Still curious? Read more about more about how we went about the project and milestones, both internal and contributed to Elasticsearch. <---- Links to the below. Or expands or something.

How we got here[edit]

The name of the game for this project was "don't break anything important" and "deploy early and often". "Don't break anything important" is important because of the scale and reach of the project. While we consider Wikipedia a grand experiment (similar to how the people at Sesame Street consider what they do an experiment) its still an important thing that lots of people rely on and breaking it would be bad (like Sesame Street). "Deploy early and often" was important because the old search system didn't have a specification. How it worked was documented across many wiki pages in many languages but even that documentation wasn't complete. As such we had no choice but to take a very educated guess at the specification, allow users to test it, and fix anything that users complained about.

The basic plan was:

Deploy the extension so updates were indexed
Perform the initial import
Expose the new search as a Beta Feature
Fix anything users didn't like
Performance testing and fixes
Make the new search the primary and remove the Beta Feature.

We did this as hardware permitted over the course of about a year, finally finishing up with English Wikipedia. For the most part this went super smoothly. Here are some milestones in the process:

Improved performance, correctness, and the documentation of the Phrase Suggester.

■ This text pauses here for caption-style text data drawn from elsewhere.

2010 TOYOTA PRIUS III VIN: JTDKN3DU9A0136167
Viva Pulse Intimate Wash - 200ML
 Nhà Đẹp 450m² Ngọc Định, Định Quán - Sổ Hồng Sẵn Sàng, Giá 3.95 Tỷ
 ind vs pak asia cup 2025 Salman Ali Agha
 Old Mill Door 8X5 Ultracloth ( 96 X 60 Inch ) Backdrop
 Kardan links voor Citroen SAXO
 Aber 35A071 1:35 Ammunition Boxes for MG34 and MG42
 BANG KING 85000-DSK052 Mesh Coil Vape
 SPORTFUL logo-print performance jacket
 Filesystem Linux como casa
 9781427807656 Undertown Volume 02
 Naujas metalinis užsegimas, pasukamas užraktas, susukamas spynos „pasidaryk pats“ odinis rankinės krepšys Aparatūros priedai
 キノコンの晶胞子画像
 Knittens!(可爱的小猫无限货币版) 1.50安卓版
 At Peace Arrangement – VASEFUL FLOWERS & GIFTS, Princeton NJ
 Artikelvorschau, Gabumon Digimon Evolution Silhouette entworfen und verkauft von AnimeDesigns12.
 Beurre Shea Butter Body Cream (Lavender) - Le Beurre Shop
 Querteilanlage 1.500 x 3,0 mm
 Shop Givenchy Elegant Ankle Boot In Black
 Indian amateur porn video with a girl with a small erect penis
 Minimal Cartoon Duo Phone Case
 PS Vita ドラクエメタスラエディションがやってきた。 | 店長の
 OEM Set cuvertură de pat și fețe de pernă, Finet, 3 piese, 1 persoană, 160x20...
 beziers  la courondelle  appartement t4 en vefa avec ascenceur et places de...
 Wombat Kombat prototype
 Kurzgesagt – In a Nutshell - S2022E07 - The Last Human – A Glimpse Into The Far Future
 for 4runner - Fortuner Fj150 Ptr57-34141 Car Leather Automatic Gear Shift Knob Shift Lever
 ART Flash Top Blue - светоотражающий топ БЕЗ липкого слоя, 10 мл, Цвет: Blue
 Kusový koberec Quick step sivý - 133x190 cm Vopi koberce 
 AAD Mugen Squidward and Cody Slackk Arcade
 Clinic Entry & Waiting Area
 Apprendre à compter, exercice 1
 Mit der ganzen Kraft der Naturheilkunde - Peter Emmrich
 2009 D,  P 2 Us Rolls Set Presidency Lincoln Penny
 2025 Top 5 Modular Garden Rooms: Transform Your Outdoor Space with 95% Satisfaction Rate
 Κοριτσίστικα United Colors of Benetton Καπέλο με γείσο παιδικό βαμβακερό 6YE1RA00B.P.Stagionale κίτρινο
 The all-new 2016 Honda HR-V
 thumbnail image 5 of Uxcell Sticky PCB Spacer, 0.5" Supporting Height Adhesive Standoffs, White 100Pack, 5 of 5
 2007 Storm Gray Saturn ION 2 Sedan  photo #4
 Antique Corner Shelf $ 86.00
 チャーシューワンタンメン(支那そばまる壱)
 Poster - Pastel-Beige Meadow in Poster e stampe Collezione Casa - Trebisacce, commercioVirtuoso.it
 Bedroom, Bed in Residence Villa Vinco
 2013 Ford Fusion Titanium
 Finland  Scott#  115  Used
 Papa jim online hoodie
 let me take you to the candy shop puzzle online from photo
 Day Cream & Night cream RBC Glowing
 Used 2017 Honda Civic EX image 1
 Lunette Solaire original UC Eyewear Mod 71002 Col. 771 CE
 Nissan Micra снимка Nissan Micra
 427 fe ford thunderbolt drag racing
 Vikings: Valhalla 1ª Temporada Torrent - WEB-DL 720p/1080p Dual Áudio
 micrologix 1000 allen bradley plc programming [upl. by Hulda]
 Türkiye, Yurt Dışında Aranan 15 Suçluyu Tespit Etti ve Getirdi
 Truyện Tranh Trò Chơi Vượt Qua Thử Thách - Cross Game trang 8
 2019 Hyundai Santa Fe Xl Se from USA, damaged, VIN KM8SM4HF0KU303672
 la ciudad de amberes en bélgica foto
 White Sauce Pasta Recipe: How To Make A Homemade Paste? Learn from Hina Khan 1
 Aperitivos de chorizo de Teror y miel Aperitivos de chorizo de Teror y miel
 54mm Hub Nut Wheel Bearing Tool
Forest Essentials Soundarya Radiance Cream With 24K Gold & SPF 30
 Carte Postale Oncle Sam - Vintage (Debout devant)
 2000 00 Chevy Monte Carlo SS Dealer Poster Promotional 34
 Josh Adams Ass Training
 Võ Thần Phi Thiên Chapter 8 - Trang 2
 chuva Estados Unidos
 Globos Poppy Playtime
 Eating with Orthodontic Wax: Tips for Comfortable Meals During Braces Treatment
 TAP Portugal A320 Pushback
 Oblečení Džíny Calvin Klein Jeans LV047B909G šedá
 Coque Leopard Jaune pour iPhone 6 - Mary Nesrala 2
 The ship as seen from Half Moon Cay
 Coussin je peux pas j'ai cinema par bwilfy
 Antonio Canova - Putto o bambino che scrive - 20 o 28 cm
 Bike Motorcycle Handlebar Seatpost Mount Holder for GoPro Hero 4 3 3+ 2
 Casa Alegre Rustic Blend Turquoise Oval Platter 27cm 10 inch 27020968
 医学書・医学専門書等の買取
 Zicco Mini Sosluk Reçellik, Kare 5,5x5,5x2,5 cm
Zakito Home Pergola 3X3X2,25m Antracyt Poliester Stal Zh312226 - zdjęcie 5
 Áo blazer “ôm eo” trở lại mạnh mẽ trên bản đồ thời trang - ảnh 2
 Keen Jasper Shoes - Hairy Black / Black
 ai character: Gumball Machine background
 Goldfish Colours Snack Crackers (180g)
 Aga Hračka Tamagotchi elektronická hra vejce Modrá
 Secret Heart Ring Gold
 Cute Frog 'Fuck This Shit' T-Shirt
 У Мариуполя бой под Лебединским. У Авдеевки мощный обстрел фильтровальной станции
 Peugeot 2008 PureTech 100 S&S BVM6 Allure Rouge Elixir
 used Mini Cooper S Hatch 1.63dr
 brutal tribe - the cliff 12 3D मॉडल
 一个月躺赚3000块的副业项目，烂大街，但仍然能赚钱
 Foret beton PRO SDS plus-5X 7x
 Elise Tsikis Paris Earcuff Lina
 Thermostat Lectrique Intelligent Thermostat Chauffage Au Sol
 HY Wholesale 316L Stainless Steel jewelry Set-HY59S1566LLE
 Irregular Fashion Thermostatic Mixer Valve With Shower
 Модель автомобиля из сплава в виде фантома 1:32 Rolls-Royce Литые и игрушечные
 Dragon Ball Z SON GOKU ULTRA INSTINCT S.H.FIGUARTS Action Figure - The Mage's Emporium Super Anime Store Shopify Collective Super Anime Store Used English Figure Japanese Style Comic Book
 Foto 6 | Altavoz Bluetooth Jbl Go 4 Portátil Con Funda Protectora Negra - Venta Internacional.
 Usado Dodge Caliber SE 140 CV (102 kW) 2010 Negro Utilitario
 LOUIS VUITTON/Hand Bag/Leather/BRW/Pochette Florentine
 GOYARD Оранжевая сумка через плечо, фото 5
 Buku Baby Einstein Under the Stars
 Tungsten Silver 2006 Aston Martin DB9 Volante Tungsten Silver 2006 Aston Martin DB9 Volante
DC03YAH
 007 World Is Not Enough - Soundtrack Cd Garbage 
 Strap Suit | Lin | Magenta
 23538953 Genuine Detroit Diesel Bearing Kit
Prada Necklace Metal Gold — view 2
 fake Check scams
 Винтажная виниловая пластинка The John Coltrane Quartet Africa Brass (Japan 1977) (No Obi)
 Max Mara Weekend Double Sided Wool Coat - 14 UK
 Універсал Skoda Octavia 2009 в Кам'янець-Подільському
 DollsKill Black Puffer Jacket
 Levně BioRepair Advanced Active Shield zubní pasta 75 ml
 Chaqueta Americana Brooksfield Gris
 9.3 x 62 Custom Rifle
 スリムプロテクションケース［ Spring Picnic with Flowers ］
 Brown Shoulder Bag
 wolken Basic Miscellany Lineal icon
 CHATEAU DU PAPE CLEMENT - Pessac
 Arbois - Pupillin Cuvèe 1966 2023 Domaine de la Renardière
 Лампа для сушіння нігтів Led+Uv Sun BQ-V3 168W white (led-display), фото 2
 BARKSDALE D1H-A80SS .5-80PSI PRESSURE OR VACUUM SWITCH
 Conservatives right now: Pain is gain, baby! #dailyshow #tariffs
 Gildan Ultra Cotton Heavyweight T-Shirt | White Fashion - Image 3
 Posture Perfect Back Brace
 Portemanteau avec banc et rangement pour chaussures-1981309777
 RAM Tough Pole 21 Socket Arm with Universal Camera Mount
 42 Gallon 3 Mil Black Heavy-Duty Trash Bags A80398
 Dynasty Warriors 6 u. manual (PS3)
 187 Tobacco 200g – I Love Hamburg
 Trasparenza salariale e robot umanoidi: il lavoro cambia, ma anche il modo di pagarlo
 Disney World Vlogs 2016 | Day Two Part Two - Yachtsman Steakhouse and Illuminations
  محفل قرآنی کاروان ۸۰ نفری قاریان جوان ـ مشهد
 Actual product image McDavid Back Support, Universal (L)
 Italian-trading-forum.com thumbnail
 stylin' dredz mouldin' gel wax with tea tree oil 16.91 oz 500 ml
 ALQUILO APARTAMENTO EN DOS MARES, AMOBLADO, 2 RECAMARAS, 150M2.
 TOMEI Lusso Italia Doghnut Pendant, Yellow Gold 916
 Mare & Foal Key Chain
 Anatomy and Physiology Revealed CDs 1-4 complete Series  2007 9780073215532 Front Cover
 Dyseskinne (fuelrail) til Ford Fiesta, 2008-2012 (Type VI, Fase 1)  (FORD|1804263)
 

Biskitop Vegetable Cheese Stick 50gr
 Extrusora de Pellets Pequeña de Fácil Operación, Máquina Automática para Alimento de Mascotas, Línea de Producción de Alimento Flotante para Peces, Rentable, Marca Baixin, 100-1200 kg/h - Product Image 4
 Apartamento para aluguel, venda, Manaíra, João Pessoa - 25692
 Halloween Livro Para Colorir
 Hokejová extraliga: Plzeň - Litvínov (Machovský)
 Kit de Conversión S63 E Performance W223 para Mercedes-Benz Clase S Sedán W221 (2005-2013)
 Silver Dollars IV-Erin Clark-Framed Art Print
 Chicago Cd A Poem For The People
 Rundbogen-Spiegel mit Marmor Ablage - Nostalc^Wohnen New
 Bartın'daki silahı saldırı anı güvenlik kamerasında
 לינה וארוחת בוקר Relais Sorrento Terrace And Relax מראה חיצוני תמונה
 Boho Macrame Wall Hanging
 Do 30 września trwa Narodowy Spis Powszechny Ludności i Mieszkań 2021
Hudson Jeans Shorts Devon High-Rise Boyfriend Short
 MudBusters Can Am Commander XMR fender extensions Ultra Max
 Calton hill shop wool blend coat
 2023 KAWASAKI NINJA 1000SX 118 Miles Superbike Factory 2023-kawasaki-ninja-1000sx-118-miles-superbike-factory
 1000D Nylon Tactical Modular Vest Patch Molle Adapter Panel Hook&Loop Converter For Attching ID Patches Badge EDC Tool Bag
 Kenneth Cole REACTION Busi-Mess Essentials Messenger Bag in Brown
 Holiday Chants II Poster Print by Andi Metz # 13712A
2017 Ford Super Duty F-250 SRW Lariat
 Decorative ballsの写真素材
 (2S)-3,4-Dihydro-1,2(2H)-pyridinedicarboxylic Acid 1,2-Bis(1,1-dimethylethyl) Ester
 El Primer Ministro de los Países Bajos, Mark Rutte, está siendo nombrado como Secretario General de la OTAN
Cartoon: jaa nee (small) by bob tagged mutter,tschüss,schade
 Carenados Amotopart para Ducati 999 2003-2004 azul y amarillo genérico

The reasons for this were pretty simple: we needed to be able to catch both spelling mistakes and context mistakes. The phrase suggester gave us that power.
Wrote our own highlighter. We liked some things about all three of the builtin highlighters and thought "wouldn't it be nice if you could mix all the best parts?" So we did. That allowed us to save a ton of disk space and disk IO.
Wrote a plugin for trigram accelerated regex search similar to PostgreSQL's pg_trgm. We did this because some of the behavior of the old search system was too difficult to replicate without forking Lucene and Elasticsearch. So we offered an olive branch: a slower but more powerful alternative.
We replaced our blind bulk updates with scripted, noop detecting updates. They were super important because the way we detect and queue changes to the wikis can cause lots of false positives. Updates against Elasticsearch are basically deletes and reindexes so it was important to be as careful about them as possible. We ended up implementing noop detection natively in Elasticsearch but it wasn't powerful enough for us. Elasticsearch's transition to Groovy as the scripting language was instrumental in this because the old scripting language, MVEL, had concurrency issues when run at the scale at which we receive updates.
Purchased really nice disks. To handle the query rate on English Wikipedia (over a million an hour) we had to purchase better SSDs. Just as freedom costs vigilance so keeping the index constantly up to date is constant writes and handling deleted documents. That takes disk. And RAM.

In the end we needed more hardware than for our previous search system, mostly in the disk and RAM department. We'd wanted to do it in the same hardware but it just wasn't possible given the new features we added in the process of implementing CirrusSearch. The flexibility and real time updates just takes more power. Blame Wirth's Law, all the cool kids do. We're happy with the outcome anyway. Not only did get our new features but Elasticsearch doesn't wake us up in the middle of the night. Its exactly the right kind of boring.